From its translucent gold color to the tingle of its bubbles, champagne is made for celebrations. Legend has it that after Dom Perignon, a 17th-century Benedictine monk, stumbled upon the method for creating those wonderful bubbles, he declared, “Come quickly brothers, I am tasting the stars!” Champagne immediately became the drink of royalty and its de rigueur ceremonies.
So when did people begin playing around with champagne cocktails? In fact, Mark Twain is credited with the first mention of one back in 1869 -- in those days, a splash of brandy, a bit of sugar, and a drop or two of bitters went into the mix. Today’s classic just requires champagne poured over a bitters-soaked sugar cube. That’s it! (A gift for the tinkerers, and for your wallets: any drinkable sparkling wine will do.)
1 sugar cube
3-5 dashes Angostura bitters
6 ounces sparkling wine or champagne
Lemon peel for garnish
Sprinkle sugar cube with a few good splashes of Angostura bitters and place at the bottom of a champagne flute. Fill glass with champagne; garnish with lemon twist.
To master the art of lemon twists, watch our how-to.
• Be sure to use a champagne or sparkling wine you would drink straight. For a true champagne that won’t completely wipe out your beverage budget for the month, consider NV Philippe Prié Champagne Brut Tradition.

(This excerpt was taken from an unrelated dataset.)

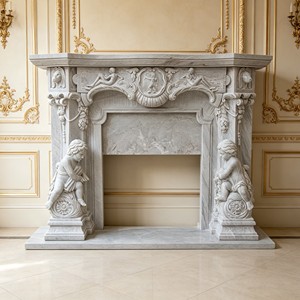 Cornice per Caminetto in Marmo Grigio Intagliata <span class=keywords><strong>a</strong></span> Mano con Statue di Cherubini, Rivestimento per Caminetto in Pietra Naturale per Decorazioni di Lusso per Palazzi - Product Image 1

• Use a flute -- heirloom coupes are lovely, but alas, champagne holds its effervescence much better in a slim flute. Save your coupes for drinks that aren’t so touchy.
To Mimosas … and Beyond!
A mimosa made with fresh-squeezed orange juice and sparkling wine is a thing of beauty, but it wouldn’t hurt to branch out a little. Some party-worthy variations:
• The Poinsettia is one part cranberry juice to four parts champagne. Try rimming the glass with colored sugar before mixing.
• Experiment with your favorite liqueur -- I love pomegranate, but creme de violette works well, too. Pour an ounce into your flute, and top the rest with wine.